I wrote my honours dissertation on an opt-in scheme that used cookies, HTTPS and javascript to track users visiting multiple websites.

What you have here is what I called "Protocol 1": the first elaboration of the naive protocol. An additional elaboration (Protocols 2 and 3) is to remove user identification from cookies entirely. Each cookie is regenerated on each HTTP request with a new ID and HMAC. This means that if a cookie is successfully harvested, its useful lifetime is limited.

There are more attacks after this. I got as far as Protocol 10; it transpires that Protocol 10 is broken anyhow. Depending on the sophistication of your attacker, there's no safe way to do what I was trying to do.

This sounds interesting. Can you provide a link to this dissertation?
Email me (in profile).
> The most direct way that comes to mind for solving this type of problem is to send the client just a random identifier and have the server look it up in a persistent store upon use.

This is my preferred approach. I generate random 128-bit integers (using a random number generator who's purpose is to be used for cryptography purposes, so it's hard to observe) and store these in Redis with a year expiry, and send them back to the client to store in a cookie. When this token in the cookie is used, the TTL on the token is reduced to 5 minutes, which lets power users up multiple tabs at once. It's the simplest, but also most robust way, I've found to deal with this.

The cleverer I try and be, the more I tend to mess these things up.

This is a good approach for a lot of things. It's the approach Flask uses for its session data by default. I wouldn't recommend it for authentication in large deployments though.

One thing that it doesn't allow for is revocation of individual tokens. Invalidating auth tokens centrally is a very useful capability to have.

Yes that's the biggest downfall and also where having a centralized persistent store wins out. The best compromise between the two I've thought of is to have a centralized store that lists revoked tokens.

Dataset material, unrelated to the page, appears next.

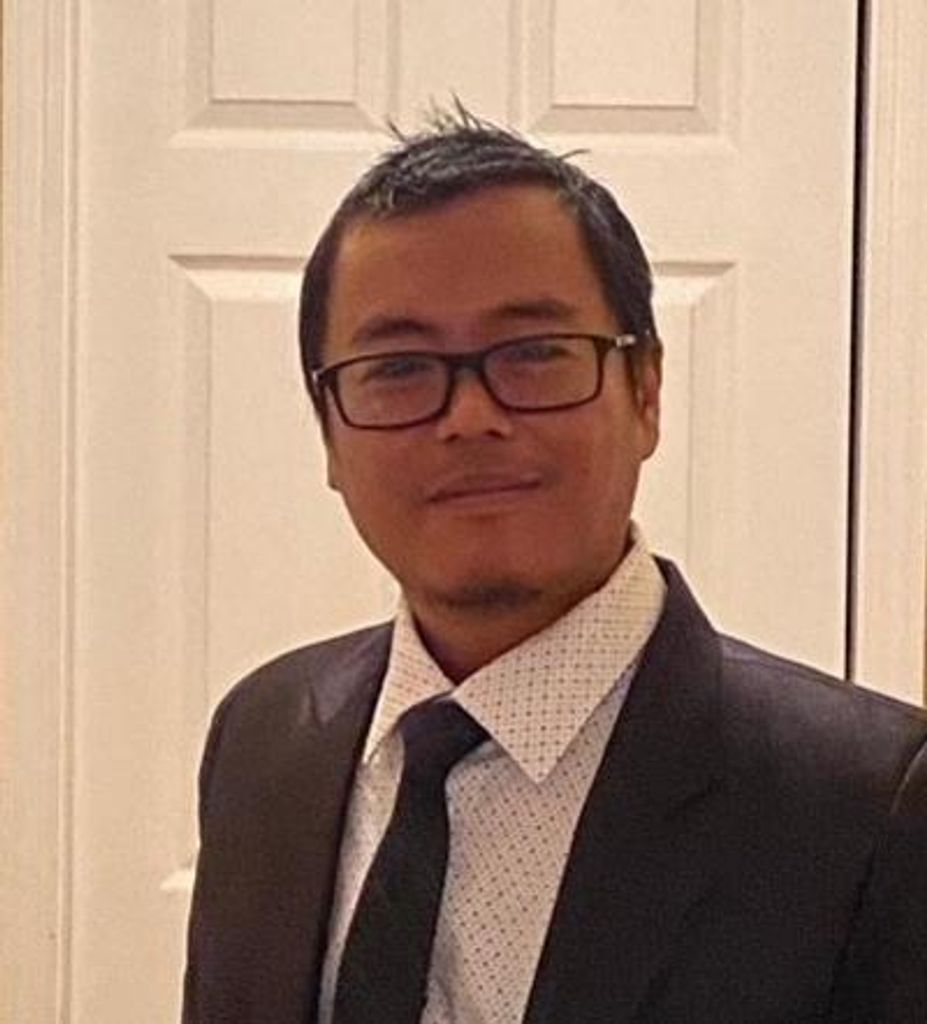 Van Pek Profile Photo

Presumably there wouldn't be that many so storing the recovations alone would be more efficient. Bonus points if you add a Bloom Filter[1] in front of the revocation lookup.

In the end it's all about the use case you're solving. If the token's themselves already have a short expiration (ex: password reset token with 5 minutes to live) then revocation isn't really an issue. For something long lived and dangerous (ex: remember me token to log into my bank account) it's much more important.

[1]: http://en.wikipedia.org/wiki/Bloom_filter

Yes, a password reset token is a good example where it would be fine to used a HMACed token, and is exactly how Django handles password resets [1].

[1] https://github.com/django/django/blob/master/django/contrib/...

It's also possible to make the cookies non-exportable using a similar technique called channel binding[1], where the cookie is linked to the TLS channel it's minted over.

This is a lot more powerful than baking in the IP address when HMAC-ing the cookie but requires modification to the browser and server to get it up and running.